══ DATA IN THIS EXERCISE ══
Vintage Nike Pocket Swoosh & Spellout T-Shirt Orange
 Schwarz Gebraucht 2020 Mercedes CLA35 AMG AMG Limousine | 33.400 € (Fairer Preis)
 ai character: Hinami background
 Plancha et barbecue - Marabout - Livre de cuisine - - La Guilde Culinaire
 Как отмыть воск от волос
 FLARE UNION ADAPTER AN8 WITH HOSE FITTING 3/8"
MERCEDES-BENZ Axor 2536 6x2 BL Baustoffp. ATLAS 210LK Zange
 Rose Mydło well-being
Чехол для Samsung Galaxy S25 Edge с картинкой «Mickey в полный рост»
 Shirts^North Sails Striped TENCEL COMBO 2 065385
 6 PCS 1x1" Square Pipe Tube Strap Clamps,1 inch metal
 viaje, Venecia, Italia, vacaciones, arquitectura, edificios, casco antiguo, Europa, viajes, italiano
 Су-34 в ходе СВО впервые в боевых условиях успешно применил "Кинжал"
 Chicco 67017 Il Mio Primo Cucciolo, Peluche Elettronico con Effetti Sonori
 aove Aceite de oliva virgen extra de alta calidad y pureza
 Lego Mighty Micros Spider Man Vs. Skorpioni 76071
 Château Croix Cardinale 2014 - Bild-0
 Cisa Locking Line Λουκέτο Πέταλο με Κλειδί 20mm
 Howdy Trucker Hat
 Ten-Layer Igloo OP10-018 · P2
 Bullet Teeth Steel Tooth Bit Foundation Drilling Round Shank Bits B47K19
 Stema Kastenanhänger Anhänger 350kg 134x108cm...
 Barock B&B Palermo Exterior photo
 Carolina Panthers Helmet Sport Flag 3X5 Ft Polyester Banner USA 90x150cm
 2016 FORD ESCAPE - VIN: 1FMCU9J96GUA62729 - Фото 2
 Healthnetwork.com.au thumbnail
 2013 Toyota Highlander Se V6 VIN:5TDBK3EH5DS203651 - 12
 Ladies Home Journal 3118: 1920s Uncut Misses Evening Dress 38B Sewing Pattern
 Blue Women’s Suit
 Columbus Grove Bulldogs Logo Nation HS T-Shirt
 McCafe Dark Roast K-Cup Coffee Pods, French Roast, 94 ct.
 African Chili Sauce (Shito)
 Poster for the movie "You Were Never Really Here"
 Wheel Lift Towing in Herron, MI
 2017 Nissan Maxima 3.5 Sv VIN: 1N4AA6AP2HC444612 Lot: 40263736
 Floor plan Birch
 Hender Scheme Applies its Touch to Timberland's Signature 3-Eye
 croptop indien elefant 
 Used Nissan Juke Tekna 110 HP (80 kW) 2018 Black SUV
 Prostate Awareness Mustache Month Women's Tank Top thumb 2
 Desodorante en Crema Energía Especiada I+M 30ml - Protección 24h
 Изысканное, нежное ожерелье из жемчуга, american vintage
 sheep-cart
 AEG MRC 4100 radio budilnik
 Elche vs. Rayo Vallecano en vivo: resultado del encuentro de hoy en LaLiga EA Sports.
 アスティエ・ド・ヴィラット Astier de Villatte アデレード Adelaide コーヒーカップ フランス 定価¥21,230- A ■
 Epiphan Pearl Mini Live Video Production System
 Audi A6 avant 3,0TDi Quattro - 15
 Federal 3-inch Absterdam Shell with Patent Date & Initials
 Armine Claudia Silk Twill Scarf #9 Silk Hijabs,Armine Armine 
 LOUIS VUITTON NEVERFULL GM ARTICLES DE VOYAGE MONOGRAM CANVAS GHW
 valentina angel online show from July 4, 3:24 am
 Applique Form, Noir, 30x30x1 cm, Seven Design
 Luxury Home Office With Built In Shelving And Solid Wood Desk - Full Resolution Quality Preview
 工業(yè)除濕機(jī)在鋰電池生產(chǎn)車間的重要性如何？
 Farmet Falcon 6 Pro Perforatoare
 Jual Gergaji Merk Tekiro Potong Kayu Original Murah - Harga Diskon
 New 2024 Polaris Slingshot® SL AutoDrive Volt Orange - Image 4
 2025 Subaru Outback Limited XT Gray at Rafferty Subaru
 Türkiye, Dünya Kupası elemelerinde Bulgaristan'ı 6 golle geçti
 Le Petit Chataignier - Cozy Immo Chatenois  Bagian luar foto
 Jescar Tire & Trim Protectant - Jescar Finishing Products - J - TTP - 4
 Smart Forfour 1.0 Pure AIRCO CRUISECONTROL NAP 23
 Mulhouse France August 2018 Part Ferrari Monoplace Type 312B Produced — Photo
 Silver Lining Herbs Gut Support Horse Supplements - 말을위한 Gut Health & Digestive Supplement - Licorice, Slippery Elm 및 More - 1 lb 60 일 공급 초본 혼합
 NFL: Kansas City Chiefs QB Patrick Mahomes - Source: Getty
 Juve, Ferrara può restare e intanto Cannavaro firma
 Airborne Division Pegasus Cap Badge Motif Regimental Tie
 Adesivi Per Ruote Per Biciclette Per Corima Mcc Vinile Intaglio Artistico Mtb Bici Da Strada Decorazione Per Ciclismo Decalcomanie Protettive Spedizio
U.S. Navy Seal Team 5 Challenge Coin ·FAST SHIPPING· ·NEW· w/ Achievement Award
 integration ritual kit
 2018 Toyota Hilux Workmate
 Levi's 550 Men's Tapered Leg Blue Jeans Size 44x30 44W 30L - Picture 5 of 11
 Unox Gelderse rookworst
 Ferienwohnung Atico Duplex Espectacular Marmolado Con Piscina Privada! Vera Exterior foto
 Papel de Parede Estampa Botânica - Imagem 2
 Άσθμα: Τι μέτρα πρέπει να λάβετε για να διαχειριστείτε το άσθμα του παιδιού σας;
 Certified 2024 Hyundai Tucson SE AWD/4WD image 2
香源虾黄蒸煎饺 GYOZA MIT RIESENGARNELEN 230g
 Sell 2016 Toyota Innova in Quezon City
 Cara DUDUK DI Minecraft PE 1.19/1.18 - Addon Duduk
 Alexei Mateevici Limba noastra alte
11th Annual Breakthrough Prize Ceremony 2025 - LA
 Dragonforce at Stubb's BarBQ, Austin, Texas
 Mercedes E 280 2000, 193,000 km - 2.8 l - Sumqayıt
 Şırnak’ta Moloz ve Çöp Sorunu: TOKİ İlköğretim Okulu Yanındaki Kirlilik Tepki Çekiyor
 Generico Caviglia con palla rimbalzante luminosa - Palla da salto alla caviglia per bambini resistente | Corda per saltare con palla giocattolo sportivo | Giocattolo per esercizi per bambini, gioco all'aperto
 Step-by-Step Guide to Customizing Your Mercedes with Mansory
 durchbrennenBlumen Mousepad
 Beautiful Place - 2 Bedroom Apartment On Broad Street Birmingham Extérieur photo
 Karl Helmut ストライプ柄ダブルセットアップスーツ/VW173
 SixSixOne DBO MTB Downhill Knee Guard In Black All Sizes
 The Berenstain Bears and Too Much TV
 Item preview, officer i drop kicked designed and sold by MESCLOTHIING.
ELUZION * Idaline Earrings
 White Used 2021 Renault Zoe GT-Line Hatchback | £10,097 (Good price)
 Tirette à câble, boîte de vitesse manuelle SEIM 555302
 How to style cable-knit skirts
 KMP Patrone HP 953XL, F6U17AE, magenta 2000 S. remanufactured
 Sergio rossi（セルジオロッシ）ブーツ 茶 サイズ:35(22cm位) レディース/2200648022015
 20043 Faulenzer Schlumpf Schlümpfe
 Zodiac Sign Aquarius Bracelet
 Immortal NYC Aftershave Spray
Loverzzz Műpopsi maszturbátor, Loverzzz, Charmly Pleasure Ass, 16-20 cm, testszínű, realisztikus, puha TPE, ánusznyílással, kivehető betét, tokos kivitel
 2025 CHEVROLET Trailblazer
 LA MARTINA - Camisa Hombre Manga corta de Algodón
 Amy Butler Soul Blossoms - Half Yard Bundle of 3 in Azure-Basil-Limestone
═══
_PROBLEM TO SOLVE_
After locating the line with "New 2024 Polaris" in the material above, return it and each line after it exactly, ending at the line with "Le Petit Chataignier".

_TASK RESPONSE_
 New 2024 Polaris Slingshot® SL AutoDrive Volt Orange - Image 4
 2025 Subaru Outback Limited XT Gray at Rafferty Subaru
 Türkiye, Dünya Kupası elemelerinde Bulgaristan'ı 6 golle geçti
 Le Petit Chataignier - Cozy Immo Chatenois  Bagian luar foto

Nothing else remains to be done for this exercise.